Maze coral (Meandrina meandrites). Photo © Eduardo Klein
This partnership between PDVSA, Intecmar, and The Nature Conservancy is a unique example of collaboration between petroleum and environmental regulators.
A key contributor to the potential success of this project is its timing. Priority conservation areas and recommended practices were identified before the beginning of the oil project life cycle. Consequently, PDVSA will be able to include environmental considerations in much of its planning and in all contractual documentation with private companies that will perform the extraction. The early-stage timing of this conservation project consequently minimizes the cost to PDVSA of working with environmental considerations. This is a win-win situation since it minimizes economic and environmental risks to all the parties.
Another aspect of this project that adds to its potential success is its multi-layered objective scheme. Although it is recommended that several high-priority conservation areas remain untouched, if PDVSA chooses to exploit oil in these areas it may follow recommended environmentally conscious practices such that negative ecological impacts are minimized. Furthermore, PDVSA may include guidelines and policies suggested by The Nature Conservancy and Intecmar in its bidding contracts to lessen environmental degradation. The overlapping objectives in the plan increase the likelihood of obtaining the conservation goals.
The project not only identified the current conservation status, sensitivity and vulnerability of marine ecosystems in Venezuela, but also established a set of priority areas for the conservation of coastal and marine biodiversity along the country’s Caribbean coast and continental shelf. Identification of these areas with the siting of exploration blocks has lead to an effort to create a zoning scheme for offshore oil and gas exploitation activities.

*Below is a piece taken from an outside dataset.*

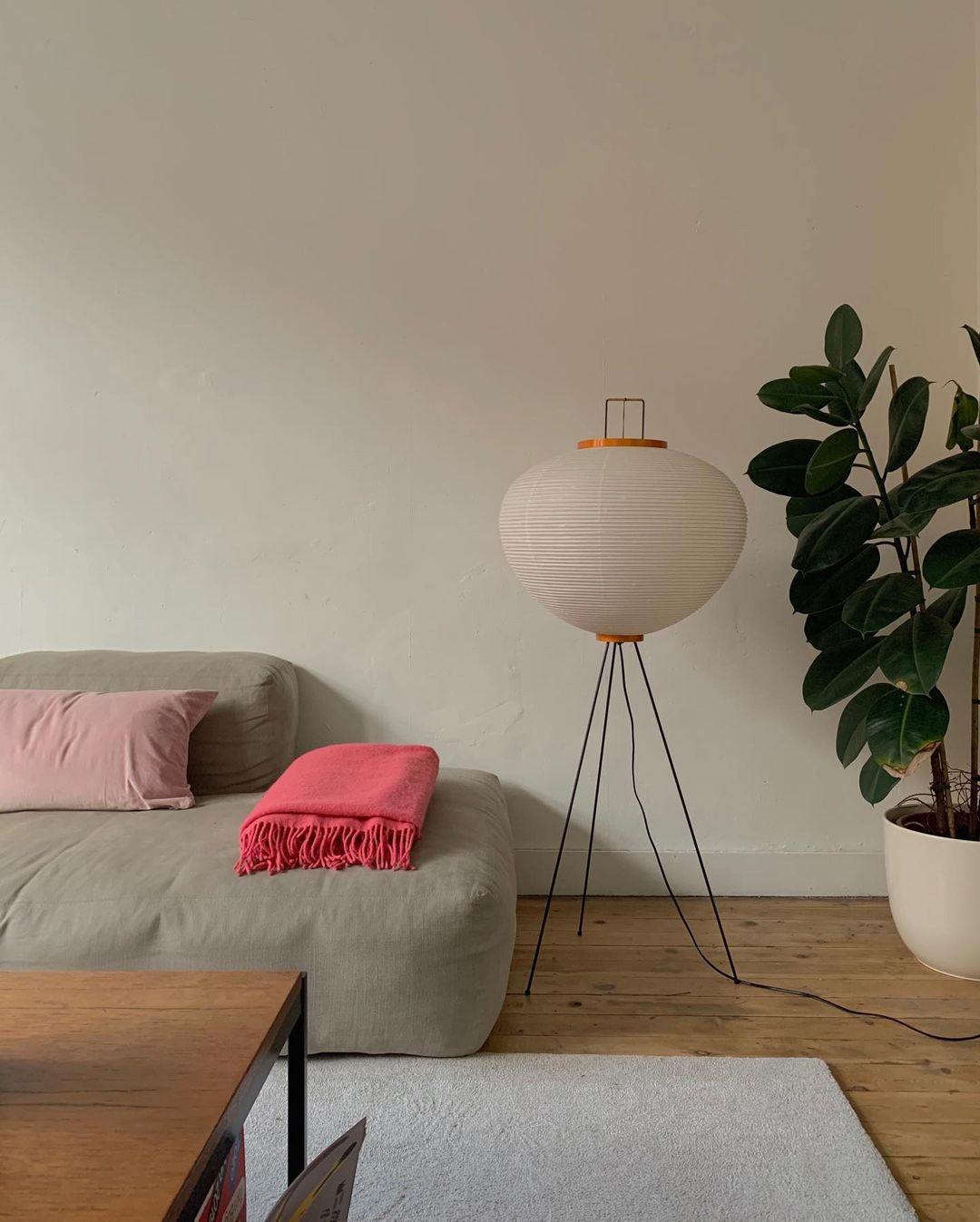 Japandi White Rice Paper Floor Lamp – Bamboo Rib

The implementation of the proposed strategies and the monitoring of biological and ecological features could prevent irreversible damages to marine biodiversity and help mitigate unavoidable impacts.
Lessons Learned
- Involve key decision makers from the beginning of the multi-objective planning process.
- Decision makers prefer to make informed decisions. Make scientific information more digestible, so they can use it.
- Development sectors are interested in reducing environmental risk to save money.
- Funding for planning and licensing can be allocated more strategically when higher-level conservation outcomes have been defined.
- Simple, practical, and transparent methods for environmental assessment and monitoring are needed that can be adopted by government, developers, and environmentalists. The science needs to be made operational for these stakeholders.